CVH reported by the patient may result from a direct lesional effect or a secondary epileptic origin. Stroke involving CC can present with transient formed visual hallucinations, ⁸ but isolated CC lesions are extremely rare. In a large series of CC strokes, ⁹ “minimal” or “discrete” lesions of CC were always multifocal or associated with posterior cerebral artery (PCA) infarcts. CC is also less vulnerable to lacune and small vessels ischemic disease due to histological differences between CC and centrum semiovale arteries. ⁹

Hallucinations are frequently described in CLOCCs ¹⁰ and may be due to CC direct involvement. However, they are not specific as they have been reported in callosal lesions of other etiologies.^8,11 This observation has been supported by radiological studies on schizophrenia, where neuropsychiatric symptoms have been associated with splenium of CC structural abnormalities (reduced size or lower diffusion tensor imaging anisotropy) ¹² or agenesis. ¹³ This highlights the important role of CC in regulation of cognitive, affective, and self-regulative behaviors and can explain the neuropsychiatric manifestations in patients with CLOCCs.

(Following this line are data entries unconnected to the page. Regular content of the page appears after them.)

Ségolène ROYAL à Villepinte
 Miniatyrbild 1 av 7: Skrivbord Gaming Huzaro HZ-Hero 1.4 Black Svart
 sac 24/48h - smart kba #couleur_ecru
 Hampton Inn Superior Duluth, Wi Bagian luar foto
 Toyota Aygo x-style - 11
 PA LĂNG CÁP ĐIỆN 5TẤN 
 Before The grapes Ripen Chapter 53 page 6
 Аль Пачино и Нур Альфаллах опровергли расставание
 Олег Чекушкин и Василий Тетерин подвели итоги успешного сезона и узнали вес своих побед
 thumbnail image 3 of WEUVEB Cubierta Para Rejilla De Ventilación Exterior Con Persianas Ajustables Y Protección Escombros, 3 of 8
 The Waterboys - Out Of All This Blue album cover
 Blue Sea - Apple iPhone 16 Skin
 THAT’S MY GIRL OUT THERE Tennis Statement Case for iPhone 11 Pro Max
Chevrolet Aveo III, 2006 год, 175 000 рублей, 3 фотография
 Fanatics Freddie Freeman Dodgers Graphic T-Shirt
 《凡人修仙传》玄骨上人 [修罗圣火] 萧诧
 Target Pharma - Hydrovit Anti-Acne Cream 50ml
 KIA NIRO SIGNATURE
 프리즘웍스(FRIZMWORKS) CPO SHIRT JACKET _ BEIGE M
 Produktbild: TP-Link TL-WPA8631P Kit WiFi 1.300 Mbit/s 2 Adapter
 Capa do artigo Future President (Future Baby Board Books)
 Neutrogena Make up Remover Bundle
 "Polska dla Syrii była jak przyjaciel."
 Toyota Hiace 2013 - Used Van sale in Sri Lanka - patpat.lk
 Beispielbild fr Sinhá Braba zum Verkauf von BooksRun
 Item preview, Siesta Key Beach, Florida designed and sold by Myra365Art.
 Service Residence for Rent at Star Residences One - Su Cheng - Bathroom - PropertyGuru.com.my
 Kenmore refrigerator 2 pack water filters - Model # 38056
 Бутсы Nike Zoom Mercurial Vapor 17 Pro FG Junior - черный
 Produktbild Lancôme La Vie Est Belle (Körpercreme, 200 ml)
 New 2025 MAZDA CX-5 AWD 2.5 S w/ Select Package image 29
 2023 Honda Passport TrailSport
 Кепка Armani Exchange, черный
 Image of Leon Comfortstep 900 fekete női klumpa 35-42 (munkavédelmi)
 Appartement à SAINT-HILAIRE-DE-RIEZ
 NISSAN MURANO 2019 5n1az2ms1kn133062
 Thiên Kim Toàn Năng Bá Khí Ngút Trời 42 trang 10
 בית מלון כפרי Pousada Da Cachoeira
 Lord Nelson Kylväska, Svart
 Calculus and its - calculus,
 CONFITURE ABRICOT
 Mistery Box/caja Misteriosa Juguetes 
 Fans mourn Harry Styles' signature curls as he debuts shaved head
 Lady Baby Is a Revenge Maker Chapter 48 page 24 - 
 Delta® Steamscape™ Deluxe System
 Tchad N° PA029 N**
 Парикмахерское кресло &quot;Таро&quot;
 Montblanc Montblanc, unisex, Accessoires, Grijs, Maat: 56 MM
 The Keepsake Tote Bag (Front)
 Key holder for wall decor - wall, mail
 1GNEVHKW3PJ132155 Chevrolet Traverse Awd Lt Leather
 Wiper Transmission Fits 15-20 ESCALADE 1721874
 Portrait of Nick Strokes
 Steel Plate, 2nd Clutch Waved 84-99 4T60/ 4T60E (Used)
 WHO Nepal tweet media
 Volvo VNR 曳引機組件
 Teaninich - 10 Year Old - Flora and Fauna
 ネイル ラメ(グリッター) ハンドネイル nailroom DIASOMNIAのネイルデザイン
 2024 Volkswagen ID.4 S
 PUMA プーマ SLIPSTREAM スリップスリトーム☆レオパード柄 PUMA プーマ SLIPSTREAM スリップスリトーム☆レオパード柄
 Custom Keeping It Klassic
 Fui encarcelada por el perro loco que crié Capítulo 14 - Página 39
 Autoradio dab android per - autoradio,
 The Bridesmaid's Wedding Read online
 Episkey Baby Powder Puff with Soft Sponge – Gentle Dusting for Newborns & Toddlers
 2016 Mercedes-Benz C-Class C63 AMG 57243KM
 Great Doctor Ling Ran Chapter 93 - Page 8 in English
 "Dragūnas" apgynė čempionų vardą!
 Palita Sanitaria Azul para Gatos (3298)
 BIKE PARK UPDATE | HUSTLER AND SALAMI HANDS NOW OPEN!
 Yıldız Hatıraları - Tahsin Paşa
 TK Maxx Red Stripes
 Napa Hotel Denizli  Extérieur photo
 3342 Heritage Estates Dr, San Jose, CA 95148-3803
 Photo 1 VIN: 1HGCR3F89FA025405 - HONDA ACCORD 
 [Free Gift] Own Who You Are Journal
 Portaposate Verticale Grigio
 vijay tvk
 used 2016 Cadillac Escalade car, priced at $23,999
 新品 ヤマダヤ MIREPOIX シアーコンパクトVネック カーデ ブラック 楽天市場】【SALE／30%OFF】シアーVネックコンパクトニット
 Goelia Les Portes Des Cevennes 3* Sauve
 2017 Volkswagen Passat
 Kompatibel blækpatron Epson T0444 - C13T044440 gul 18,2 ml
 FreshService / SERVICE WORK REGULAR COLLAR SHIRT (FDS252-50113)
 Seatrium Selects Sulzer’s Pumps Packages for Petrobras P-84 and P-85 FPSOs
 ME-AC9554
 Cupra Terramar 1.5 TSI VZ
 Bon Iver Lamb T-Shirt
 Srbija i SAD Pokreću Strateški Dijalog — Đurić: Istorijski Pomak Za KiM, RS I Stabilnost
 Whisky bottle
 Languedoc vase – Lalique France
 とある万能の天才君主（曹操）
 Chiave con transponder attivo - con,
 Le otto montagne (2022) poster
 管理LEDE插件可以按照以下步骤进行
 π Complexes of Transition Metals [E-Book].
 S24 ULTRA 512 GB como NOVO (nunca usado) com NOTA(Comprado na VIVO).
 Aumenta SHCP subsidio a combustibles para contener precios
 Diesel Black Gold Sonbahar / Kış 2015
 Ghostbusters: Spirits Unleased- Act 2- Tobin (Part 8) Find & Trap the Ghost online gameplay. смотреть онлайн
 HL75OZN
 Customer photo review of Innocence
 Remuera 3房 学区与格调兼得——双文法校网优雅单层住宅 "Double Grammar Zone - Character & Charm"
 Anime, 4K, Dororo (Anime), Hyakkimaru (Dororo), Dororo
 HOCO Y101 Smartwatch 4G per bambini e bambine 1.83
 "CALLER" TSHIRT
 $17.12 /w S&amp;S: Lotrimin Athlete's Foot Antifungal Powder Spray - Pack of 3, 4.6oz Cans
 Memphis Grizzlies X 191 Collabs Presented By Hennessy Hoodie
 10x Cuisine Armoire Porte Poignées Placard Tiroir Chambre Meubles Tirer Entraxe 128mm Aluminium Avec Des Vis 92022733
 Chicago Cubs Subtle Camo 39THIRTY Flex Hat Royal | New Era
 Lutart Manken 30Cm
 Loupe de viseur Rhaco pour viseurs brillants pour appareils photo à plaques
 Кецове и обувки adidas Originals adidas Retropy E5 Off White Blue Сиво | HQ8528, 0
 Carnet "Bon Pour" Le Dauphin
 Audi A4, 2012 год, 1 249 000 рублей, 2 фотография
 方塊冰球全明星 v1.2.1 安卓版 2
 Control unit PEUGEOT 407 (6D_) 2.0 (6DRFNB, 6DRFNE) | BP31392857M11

However, an epileptic etiology of hallucinations cannot be ruled out in our patient. Even if epileptic activities, due to occipital or temporal lobe seizures, were not detected by EEG of the scalp, normal findings are reported in a low proportion of epileptic patients due to deep or mesial temporal seizure localization. ¹⁴

Concerning therapeutical approach to CLOCCs, no evidence-based recommendations have been established. Wide heterogeneity of etiologies associated with CLOCCs explained the absence of guidelines in the management of this affection. Antibacterial/antiviral therapy, correction of electrolyte, or metabolic disturbances are reported in CLOCCs associated with infectious or systemic disease, respectively. Corticotherapy or IV immunoglobulins have been sometimes administrated in meningoencephalitis cases. In the cases of undefined underlying systemic disorder, no purposeful treatment was given, ¹⁵ and still good outcome was observed. Given these observations and potential side effects, immunotherapy should be accurately discussed case by case.

Conclusion

To the best of our knowledge, we reported the first case of CLOCCs associated with type I diabetes ketotic hyperglycemia. As reported for previous conditions associated with CLOCCs, elevated levels of circulating pro-inflammatory mediators, highly present in hyperglycemic state, suggest a role of cytokines in the pathophysiology of the CLOCCs. Further investigations, such as cytokine panel analysis in blood and CSF, may clarify the pathologic mechanism leading to CLOCCs.